----- Recorded information -----

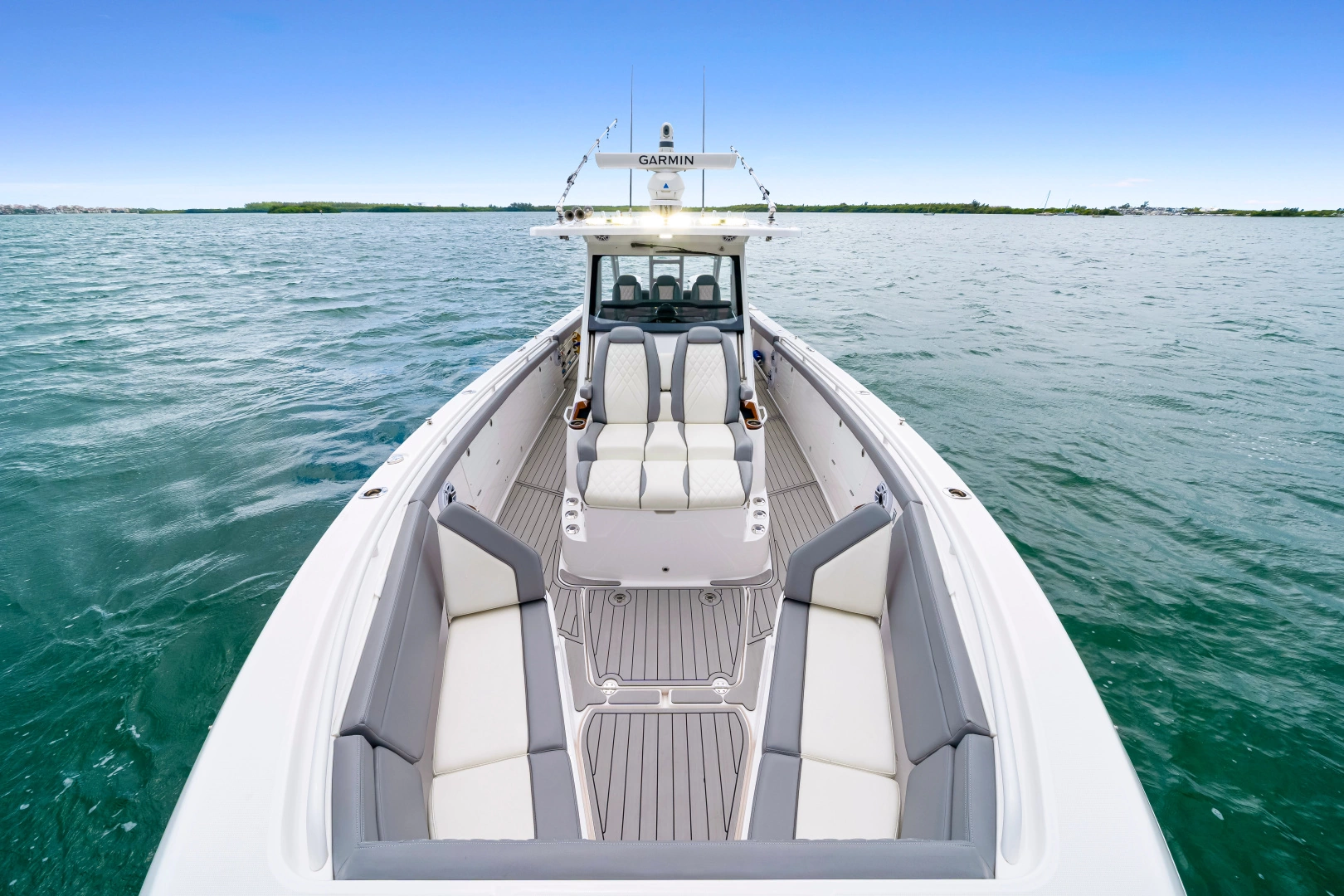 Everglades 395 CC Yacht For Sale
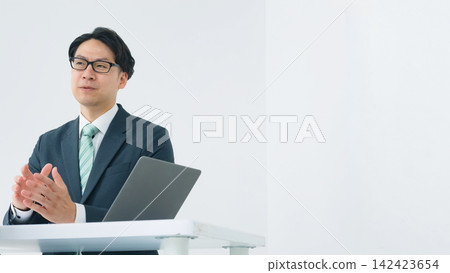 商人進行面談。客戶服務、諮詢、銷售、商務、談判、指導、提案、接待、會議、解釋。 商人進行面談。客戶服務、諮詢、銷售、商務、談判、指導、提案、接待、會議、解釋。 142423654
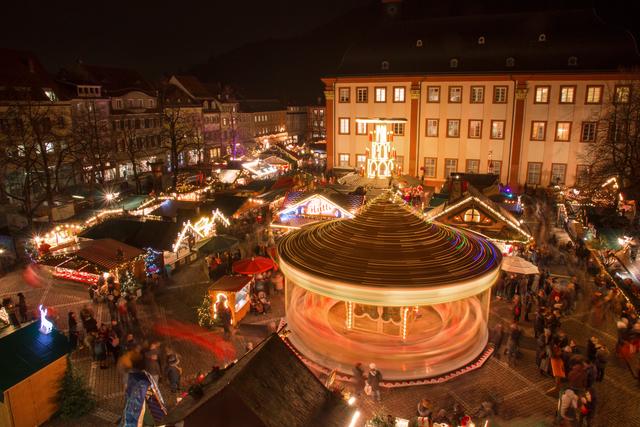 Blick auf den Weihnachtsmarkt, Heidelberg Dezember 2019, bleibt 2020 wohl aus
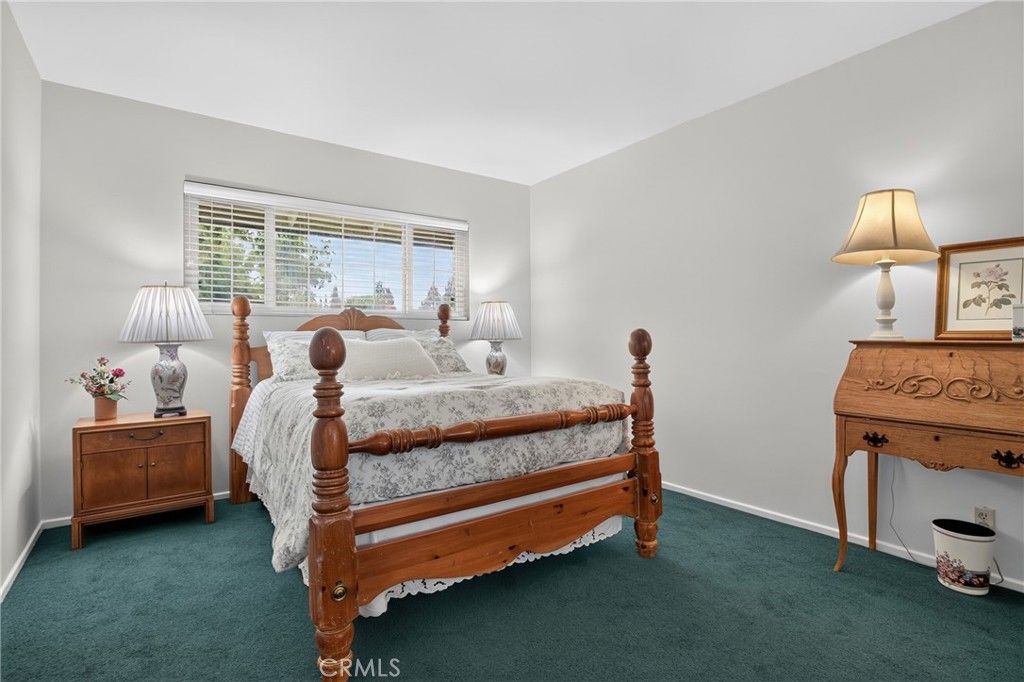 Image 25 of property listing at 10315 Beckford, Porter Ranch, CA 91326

-----

Only the text of the material belongs in your copy, which must match the original exactly.

 Everglades 395 CC Yacht For Sale
 商人進行面談。客戶服務、諮詢、銷售、商務、談判、指導、提案、接待、會議、解釋。 商人進行面談。客戶服務、諮詢、銷售、商務、談判、指導、提案、接待、會議、解釋。 142423654
 Blick auf den Weihnachtsmarkt, Heidelberg Dezember 2019, bleibt 2020 wohl aus
 Image 25 of property listing at 10315 Beckford, Porter Ranch, CA 91326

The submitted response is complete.